Rowland showed the starting performance metrics for Walmart on time. I scribbled down notes from this talk and captured a representation of the program’s beginning benchmarked performance. (This is not accurate; just what I was able to scribble down).
I suddenly felt like I had seen a similar picture before. Was it a hat? Those who read The Little Prince, by Antoine de Saint-Exupéry will remember.
But just like in the Little Prince—it was not a hat, but a snake that had swallowed an elephant—so in our case, my notebook graphic represents something different for the supply chain.

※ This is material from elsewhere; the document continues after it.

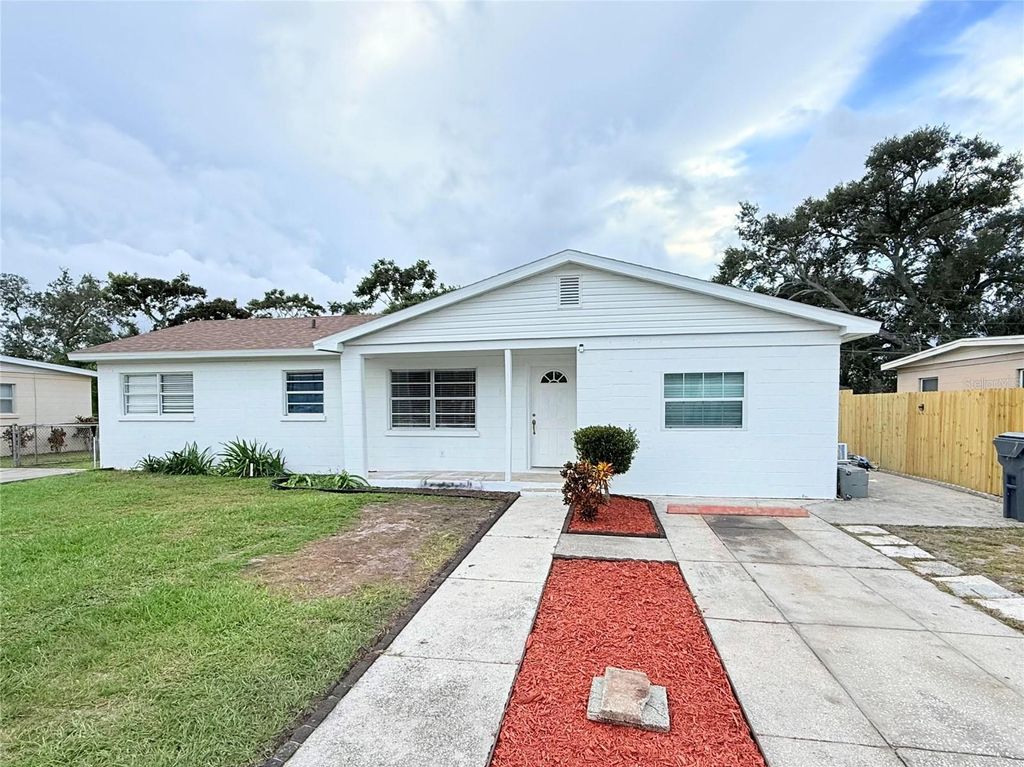 Photo of 519 Hampton Avenue, Lakeland, FL 33801 (MLS # L4956394)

Though I can think of a really good reason to be early, like my Mother told me so, the reality is that in supply chains it costs a lot of money to be early. In this case, many millions in carrying costs. Carrying costs means less margin for all. And early is a lack of precision which also reflects the lack of responsiveness inherent in long cycle times. Once you have shipped, suppliers might be surmising, Walmart can’t cancel. Also, they can’t ding me on my scorecard for being late. All true, before.
But we all must grow up some time. The Little Prince has to go back to his planet and supply chain practices have to get better. After seeing many compliance presentations from retailers over the years, I felt like this was a pretty reasonable program, to be honest.
Interesting, and hats-off on this to Walmart, who doesn’t want to spend time in the minutiae of additional transactions, chasing disagreements with suppliers for a mere pittance, and increased phone calls, emails and finger pointings, which add to the cost of the business (remember) vs. many compliance programs that we see around. So, variances and penalties that equal $1000 or less will not be pursued.
This is quite like a really lean program to improve performance yet reduce disputes, transactions and paper work, and to not create a revenue source as some retailers have.
So many of the principles in supply chain focus on customer metrics, shorter cycle times, responsiveness, accuracy, and pursuit of continuous improvement. So far, the Walmart program sounds like a motivator to do just that, rather than an odious “do it our way or else” program.
If, over time, it turns out I am wrong, I’ll eat my hat!